*Directions for this task:*
Only one stretch of the data should be retyped: the lines from the line containing "Rule 34 | 1girl, 3:, absurdres, animal" through the line containing "2 Fotos rustikale". Keep pictures out of it.

*Listed entries:*
*** Begin section ***

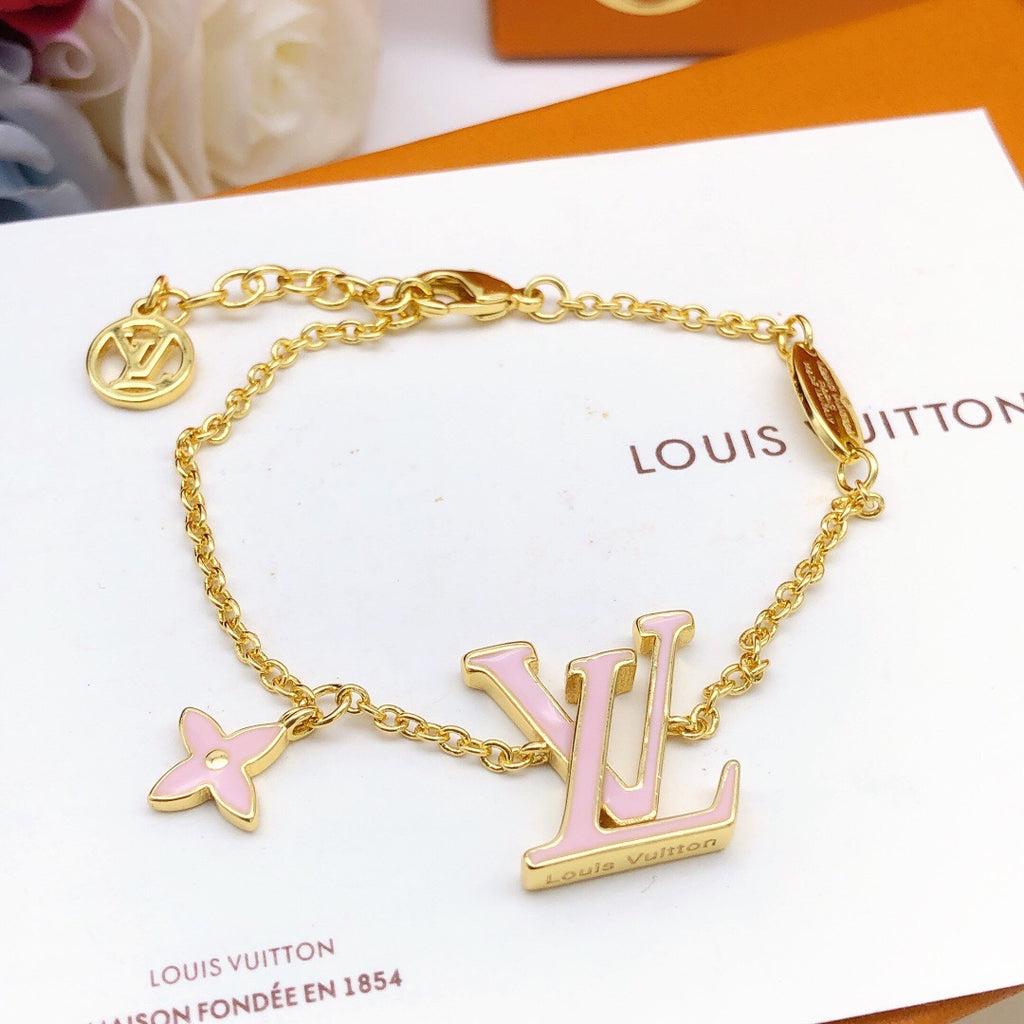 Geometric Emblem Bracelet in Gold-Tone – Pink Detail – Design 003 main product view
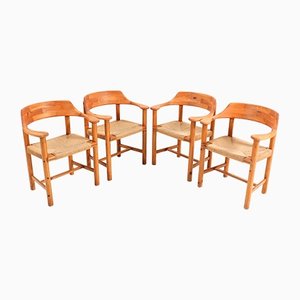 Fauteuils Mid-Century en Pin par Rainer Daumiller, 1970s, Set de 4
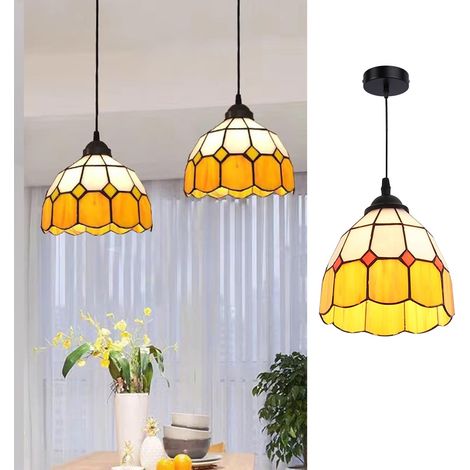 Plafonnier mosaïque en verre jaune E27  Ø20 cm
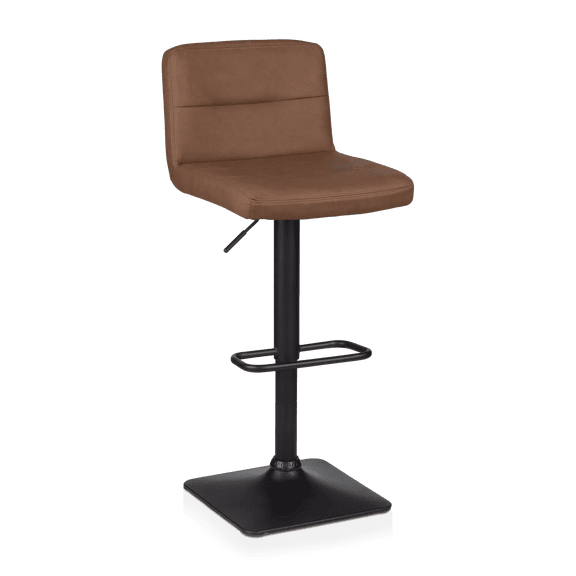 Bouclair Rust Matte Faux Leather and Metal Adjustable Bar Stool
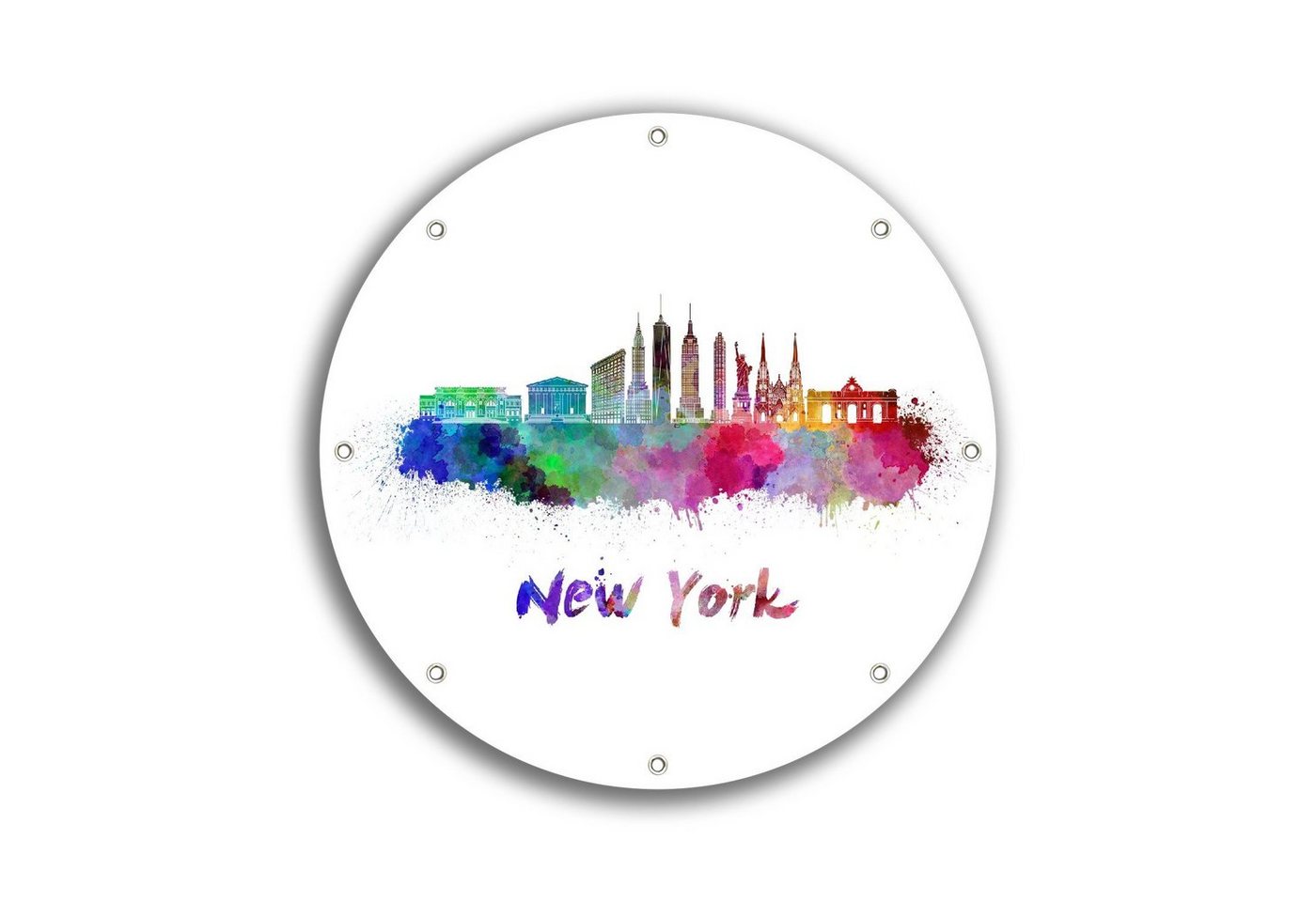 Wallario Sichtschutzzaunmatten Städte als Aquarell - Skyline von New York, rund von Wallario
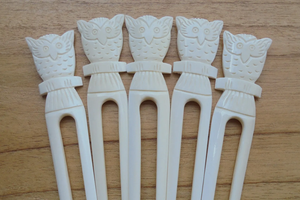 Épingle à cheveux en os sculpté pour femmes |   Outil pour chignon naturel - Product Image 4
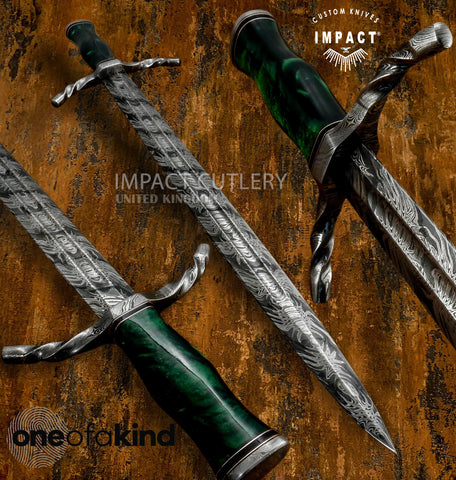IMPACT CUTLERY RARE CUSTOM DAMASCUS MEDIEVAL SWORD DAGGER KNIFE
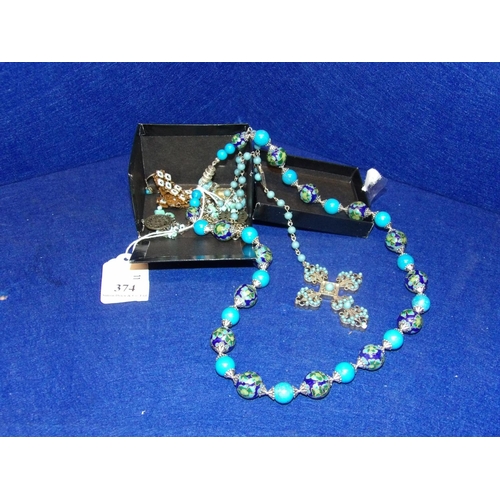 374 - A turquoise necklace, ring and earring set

*** End section ***
*** Begin section ***

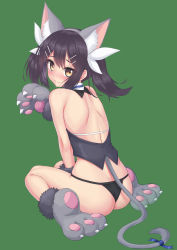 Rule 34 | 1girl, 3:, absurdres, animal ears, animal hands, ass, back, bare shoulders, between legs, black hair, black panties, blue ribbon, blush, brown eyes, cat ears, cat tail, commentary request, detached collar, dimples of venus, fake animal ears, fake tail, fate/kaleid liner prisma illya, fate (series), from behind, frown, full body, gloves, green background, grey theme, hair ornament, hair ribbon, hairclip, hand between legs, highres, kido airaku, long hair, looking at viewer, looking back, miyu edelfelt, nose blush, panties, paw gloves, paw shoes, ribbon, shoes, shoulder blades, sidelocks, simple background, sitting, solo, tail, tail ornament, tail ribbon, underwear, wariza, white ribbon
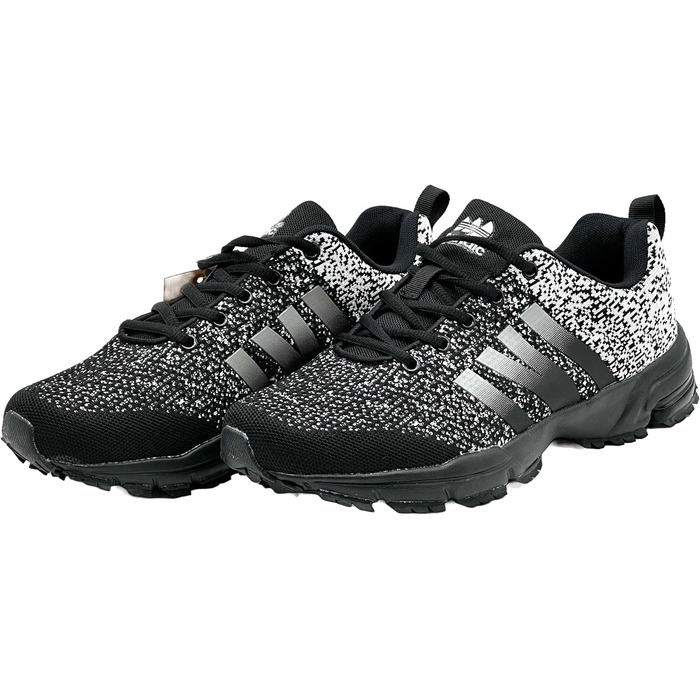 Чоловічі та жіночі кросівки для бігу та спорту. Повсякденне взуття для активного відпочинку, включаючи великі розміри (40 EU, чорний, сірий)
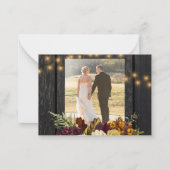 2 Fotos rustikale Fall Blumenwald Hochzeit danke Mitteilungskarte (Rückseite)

*** End section ***
*** Begin section ***

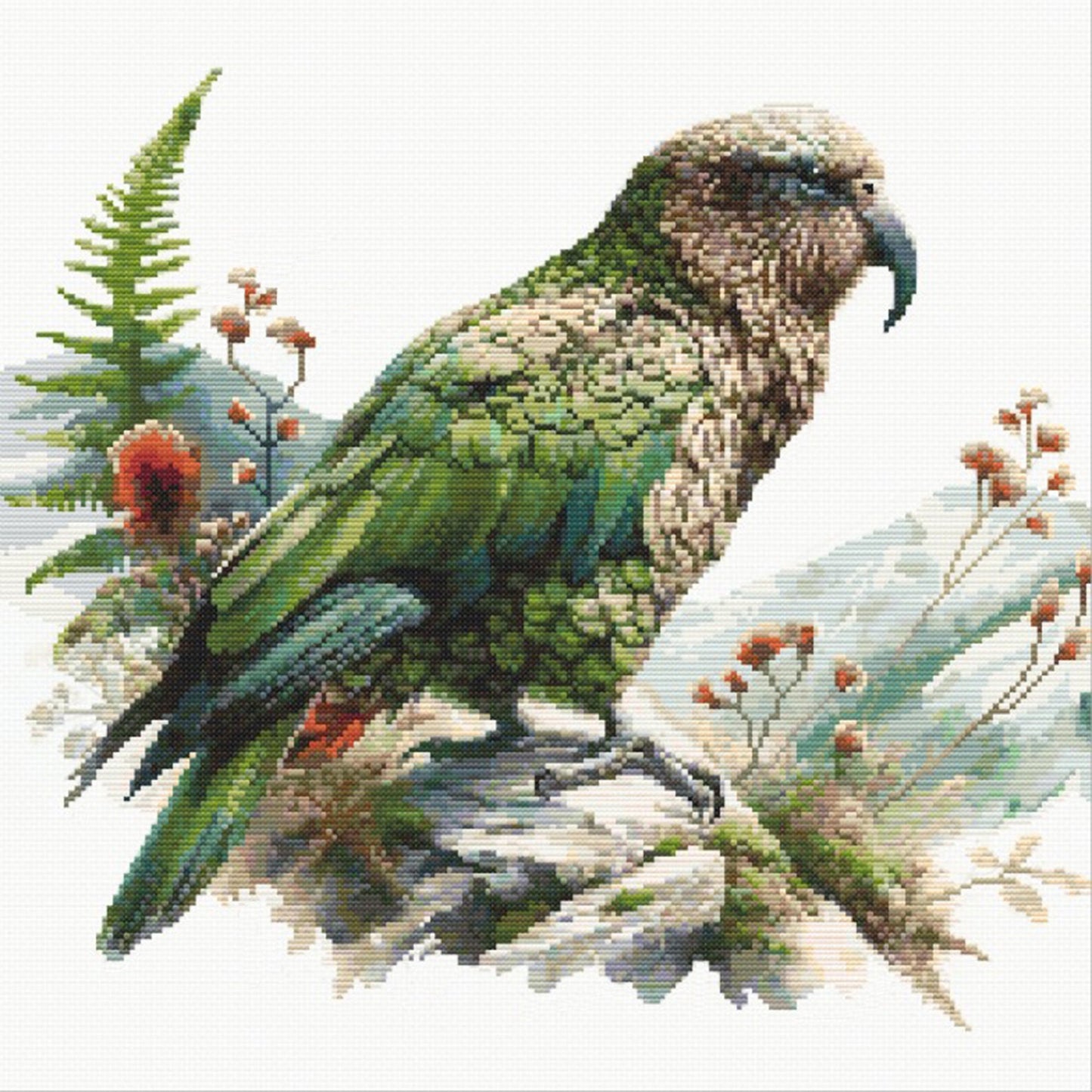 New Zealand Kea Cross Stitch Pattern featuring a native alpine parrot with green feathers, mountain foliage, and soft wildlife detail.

*** End section ***

*Task answer:*
 Rule 34 | 1girl, 3:, absurdres, animal ears, animal hands, ass, back, bare shoulders, between legs, black hair, black panties, blue ribbon, blush, brown eyes, cat ears, cat tail, commentary request, detached collar, dimples of venus, fake animal ears, fake tail, fate/kaleid liner prisma illya, fate (series), from behind, frown, full body, gloves, green background, grey theme, hair ornament, hair ribbon, hairclip, hand between legs, highres, kido airaku, long hair, looking at viewer, looking back, miyu edelfelt, nose blush, panties, paw gloves, paw shoes, ribbon, shoes, shoulder blades, sidelocks, simple background, sitting, solo, tail, tail ornament, tail ribbon, underwear, wariza, white ribbon
 Чоловічі та жіночі кросівки для бігу та спорту. Повсякденне взуття для активного відпочинку, включаючи великі розміри (40 EU, чорний, сірий)
 2 Fotos rustikale Fall Blumenwald Hochzeit danke Mitteilungskarte (Rückseite)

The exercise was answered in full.